Former ACORN fund raiser gets Obama judicial nomination. Yes, you read that right

By: Mark TapscottEditorial Page Editor11/13/09 9:13 AM EST
President Obama's first federal court nominee was Judge David Hamilton of Indiana. If you are drinking your morning coffee as you read what follows here, you might want to put down your cup before reading further:
Among Hamilton's "qualifications" is the fact that he is a former fund raiser for ACORN. That fact was conspicuously left out of the White House statement announcing Obama's nomination of the federal district judge for a position on the Seventh Circuit federal appeals court.
Even though it was only for a month, the fact Hamilton would work for any length of time for ACORN is disturbing. And there is no evidence that he has ever subsequently reputiadated his association with ACORN.
Senate Majority Leader Harry Reid has scheduled a Senate confirmation vote on Hamilton's nomination for Tuesday, Nov. 17.
As the American Civil Rights Union's Ken Klukowski details in an oped posted earlier this morning here on washingtonexaminer.com, Hamilton is an ACLU big-wig who also has a deeply hypocritical view of Christianity:
"He has also shown surprising hostility to people of Christian faith. He ruled that any prayers uttered in the Indiana statehouse that invoke the name of Jesus Christ are unconstitutional and cannot be permitted.

"Nor can anyone offer a prayer that is 'sectarian' or 'pervasively Christian.' Oddly, although prayers mentioning Jesus are somehow a threat to the republic, Judge Hamilton said that it’s okay to offer prayers to Allah."

Hamilton's various rulings are a good illustration of why so many social conservatives view attempts by the ACLU and other liberals to ban all expressions of Christian faith from the public square to be supremely bigoted and patently unconstitutional violations of the First Amendment's guarantee of religious freedom.

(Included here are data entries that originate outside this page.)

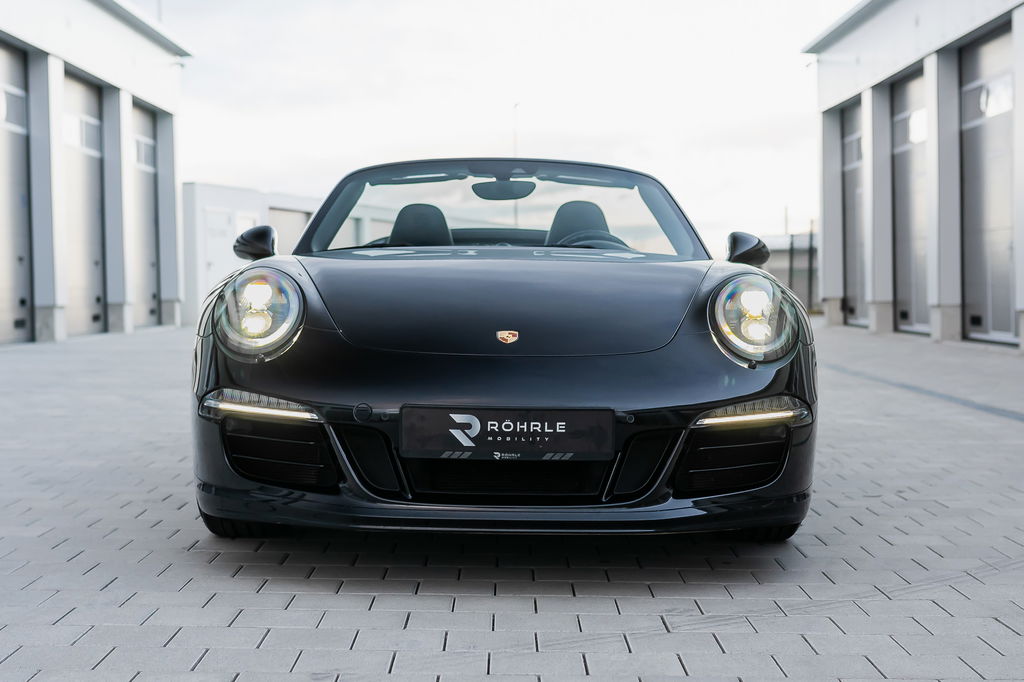 Porsche 991 Carrera 4 GTS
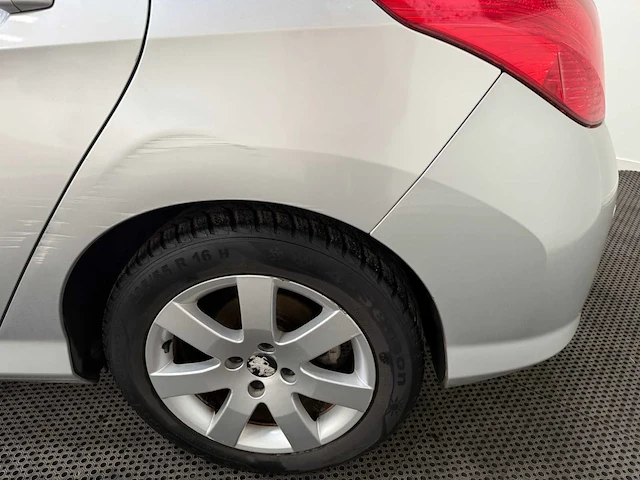 Peugeot - 308 - personenauto - 2012 - afbeelding 16 van  27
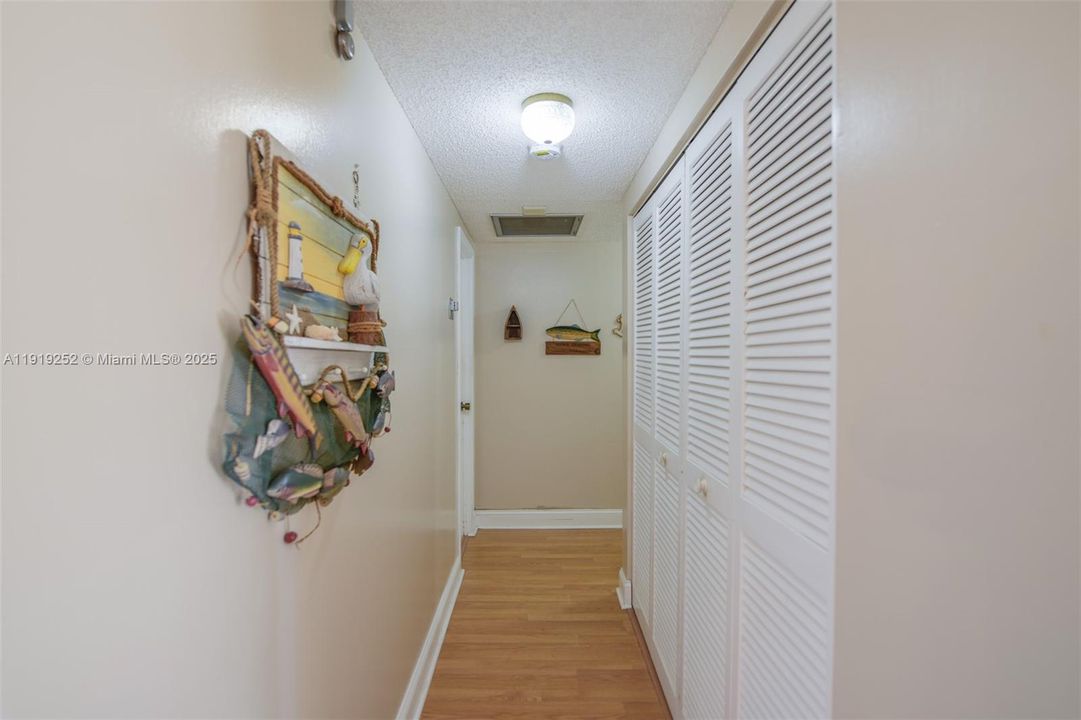 For Sale: $369,500 (2 beds, 2 baths, 1240 Square Feet)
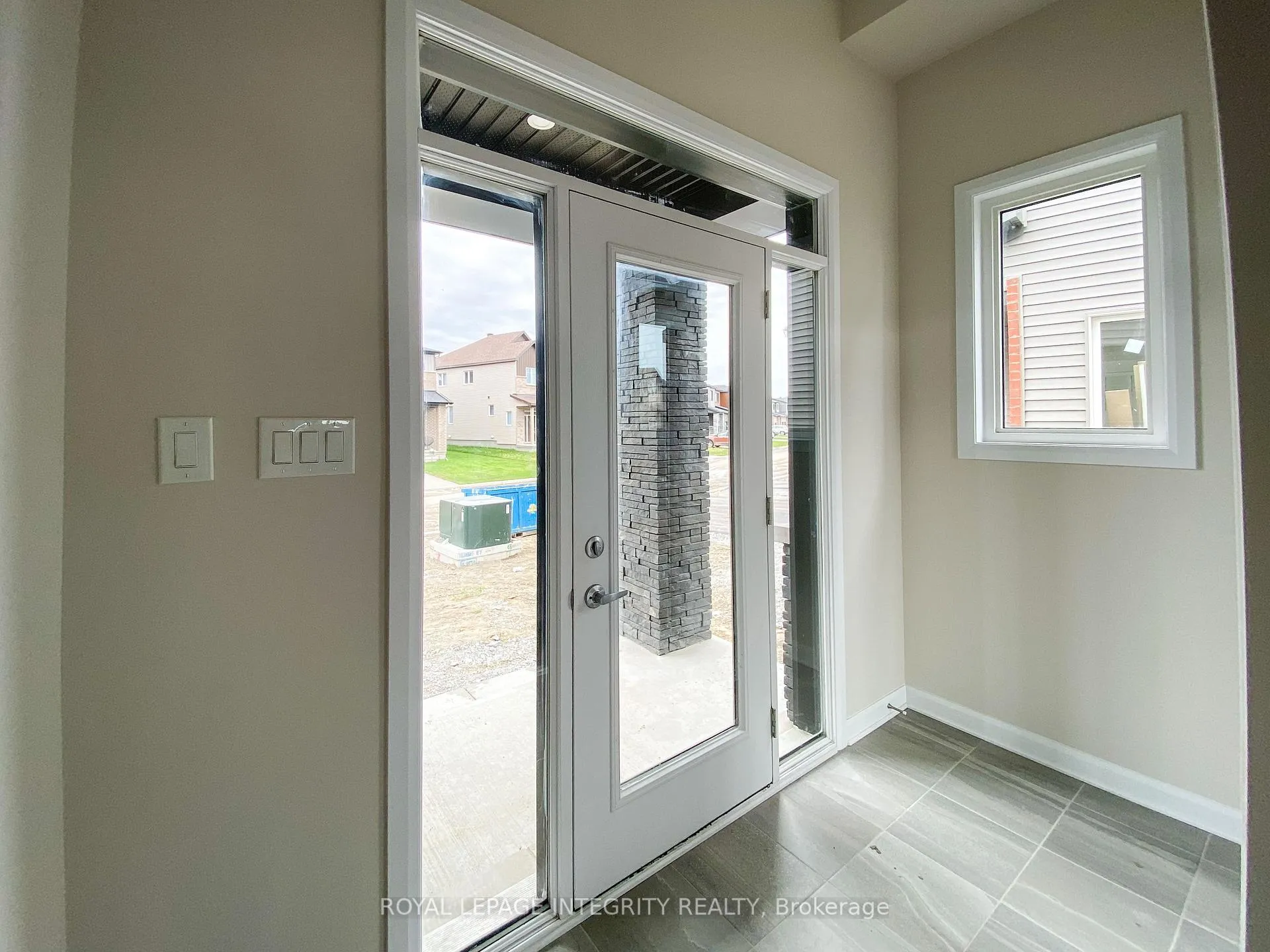 Photo 2 of 1043 Speedvale Court, Ottawa, Kanata - Kanata Lakes/Heritage Hills — HOMEH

A coalition of conservative leaders headed by former Attorney General Edwin Meese points to five reasons why Hamilton should not be confirmed:

· Judge Hamilton is an ideologue first and a jurist second. His rulings reflect his work for the ACLU and ACORN, and his rulings on the District Court often reflect his bias toward extreme leftist ideology. If anything, Judge Hamilton’s record has confirmed fears that he would be a liberal judicial activist who would impose his radical ACLU-inspired agenda from the bench.

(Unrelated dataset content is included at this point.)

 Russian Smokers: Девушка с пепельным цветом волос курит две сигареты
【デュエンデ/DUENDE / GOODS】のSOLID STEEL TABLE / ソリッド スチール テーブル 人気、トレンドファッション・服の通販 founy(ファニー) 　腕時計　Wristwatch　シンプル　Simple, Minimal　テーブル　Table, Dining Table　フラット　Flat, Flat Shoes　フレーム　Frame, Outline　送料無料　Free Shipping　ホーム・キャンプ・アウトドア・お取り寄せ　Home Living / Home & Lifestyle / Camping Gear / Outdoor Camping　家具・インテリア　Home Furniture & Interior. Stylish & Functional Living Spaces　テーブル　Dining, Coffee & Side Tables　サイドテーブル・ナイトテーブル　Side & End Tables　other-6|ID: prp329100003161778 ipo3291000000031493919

· Judge Hamilton suppressed religious freedom: He expressed a bizarre hostility to religious speech by ruling that prayers to Jesus Christ offered at the beginning of legislative sessions violate the Constitution, but that prayers to Allah do not. In 1994 he denied a Rabbi’s plea to allow a Menorah to be part of the Indianapolis Municipal Building’s holiday display. In both cases the Seventh Circuit reversed Hamilton.

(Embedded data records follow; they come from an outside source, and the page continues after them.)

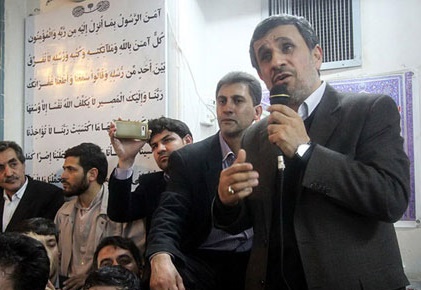 احمدی نژاد:وقتش که شد در خدمت ملت خواهم بود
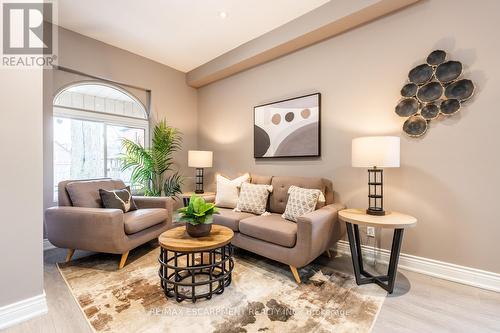 57 Century Street, Hamilton, ON - Indoor Photo Showing Living Room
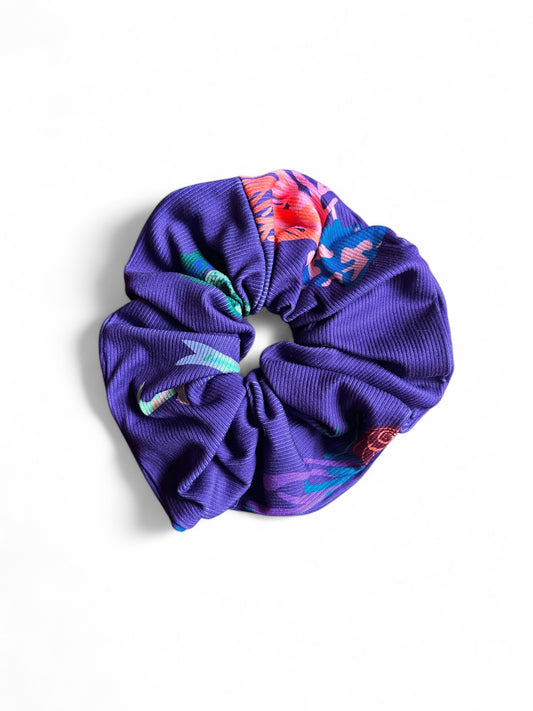 SCRUNCHIE PECES MORADO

· Judge Hamilton’s ruling in criminal cases indicates that he attempts to find ways to be as lenient as possible in sentencing. In one case, where he was unanimously reversed by the Seventh Circuit Court of Appeals, Judge Hamilton disregarded a defendant’s prior conviction for a felony drug offense in order to avoid imposing a mandatory sentence of life imprisonment for persons convicted of a third felony drug offense.

· Judge Hamilton protected child predators: In one particularly troubling case, Judge Hamilton invalidated a common-sense law that would have required convicted sex offenders to provide information so that law enforcement could track their activity, thereby making it easier for child predators to move around and endanger children in Indiana. In another, Judge Hamilton urged the President to grant clemency for a police officer who had pled guilty to producing child pornography by videotaping and photographing sexual activity with two teenage girls.

· Judge Hamilton consistently sided with abortion-on-demand absolutists: Over a period of seven years, Judge Hamilton used his judicial role to wage a campaign against reasonable measures to reduce abortions, repeatedly ruling against a popular Indiana law requiring information and a waiting period before an abortion.